Established in 2017, Westport has since evaluated 300 options for port upgrades in the metropolitan area, largely focused on the future of Fremantle Ports as a container import and export facility.

(click here to see a PDF version of the full special report)

The task of upgrading port infrastructure, and its access points, has not been without contention, with the former Liberal government’s preferred plan of extending Roe Highway to Fremantle becoming a key election issue and an environmental battleground in the southern suburbs of Coolbellup and Bibra Lake.

At time of writing, Westport had whittled its options down to 25 – four in Fremantle, four in Bunbury and 17 in Perth’s main industrial strip in Kwinana.

Westport project director Tim Collins told a recent Property Council of Australia event that a shortlist of five options would soon be released, and a final recommendation presented to government in November.

Mr Collins said Westport was working on a conservative assumption of 3.25 per cent annual growth at Fremantle Port, taking annual trade from its current level of 800,000 container movements (TEUs) to 3.8 million over 50 years.

One of the key points of contention at Fremantle is the port’s future capacity. 

While Mr Collins said the port itself could handle a substantial upgrade, access was a crucial factor.

“The road network, the heavy vehicle supply chain and the rail chain are really beginning to struggle with the growth that’s occurring,” he said.

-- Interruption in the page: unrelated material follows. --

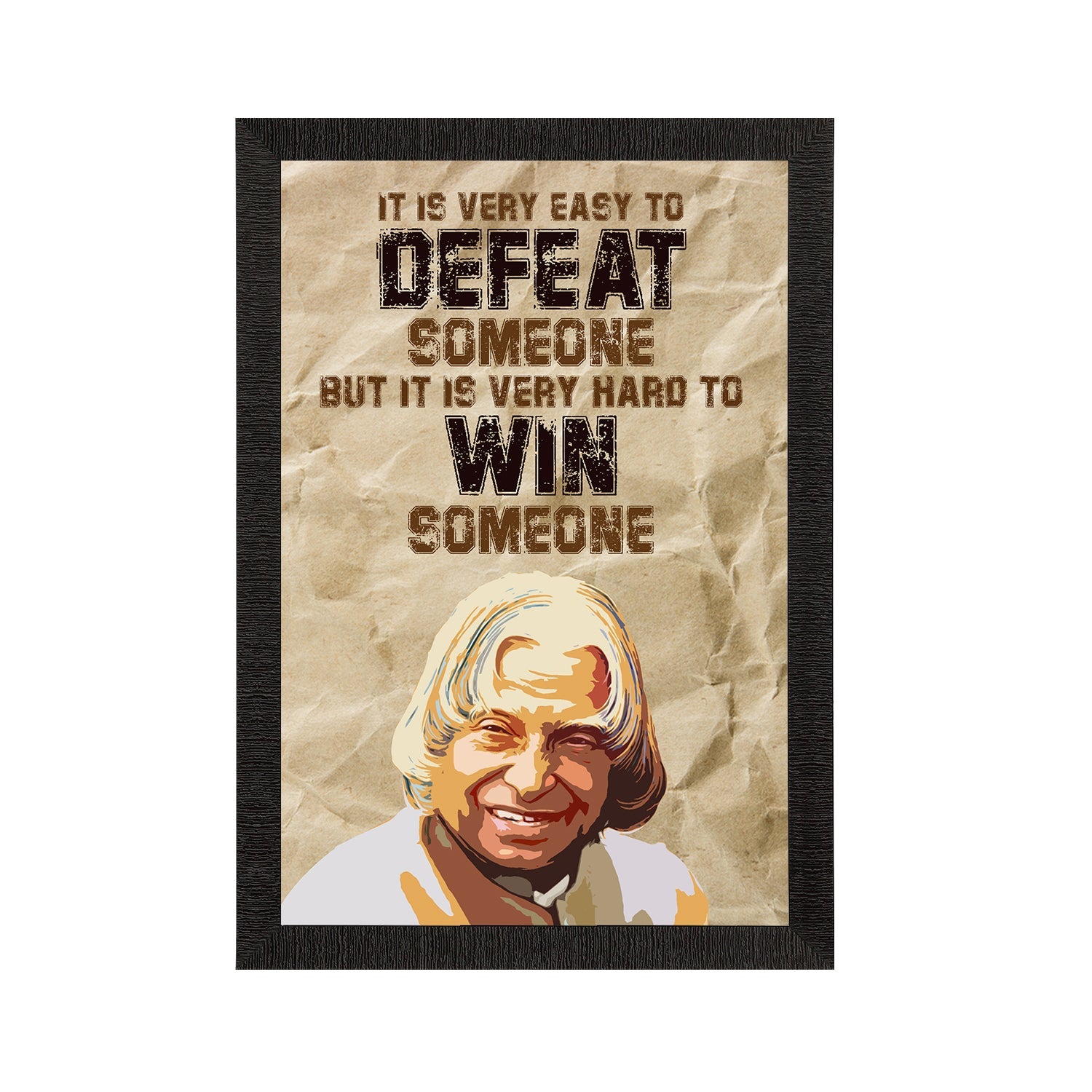 "It is very easy to DEFEAT someone, but it is very hard to WIN someone" A. P. J. Abdul Kalam Motivational Quote Satin Matt Texture UV Art Painting Kafalo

“In trying to come to grips with the issues at Fremantle it’s about how we either unlock those supply chains and get them to perform to the best of their ability; bearing in mind that the Westport project is not a 10- year or 15-year project, we are looking at issues 50 years and beyond.

“Whereas some people might suggest that Leach Highway is okay or the rail network is working okay, we are really thinking about an end state of what the demands of the import and export trade are likely to be like in 50 years, and therefore what we need to do between now and then to actually serve the customers of the port.”

Mr Collins said moving the port to Kwinana, and the environmentally sensitive Cockburn Sound, was also not without challenges. 

“We are very much trying to look first with an environmental lens. Cockburn Sound is not only delicate and valuable, and it has been given a pretty rough ride over the last 50-odd years,” he said.

“It’s starting to recover, and if Westport moves to a port down in Cockburn Sound, we want to make sure that we’re not doing that in a way that is going to detract from the environment, in fact we are even trying to add some value to the environment down there.”

At Cockburn Sound, a new port aligned with Rowley Road would be constrained by seagrass and residential development, which would limit the speed of road trains along the freight route.

Another option would be to locate the port in line with Anketell Road, but Mr Collins said that would also be subject to certain issues.

“While the main freight route serving a port precinct of Anketell is fantastic, the last mile rolling through the Kwinana industrial area is quite challenging,” he said.

“There is about a kilometre of industry we need to navigate through, not the least of which is the Water Corporation’s desalination development that sits smack bang where we would like to build.”

Mr Collins said the location of Beeliar Regional Park, between the coastline and industrial precinct Latitude 32 (which the government is seeking to leverage), was also a major constraint for a port at Cockburn Sound.

“Clearly, through our environmental lens we cannot drive an eight-lane superhighway through Beeliar Regional Park, and we can’t run a rail corridor through that park,” he said.

“It would make the environmental stoush that we all saw a couple of years ago look like a walk in the park.

“We are trying to think about how technology can solve that.”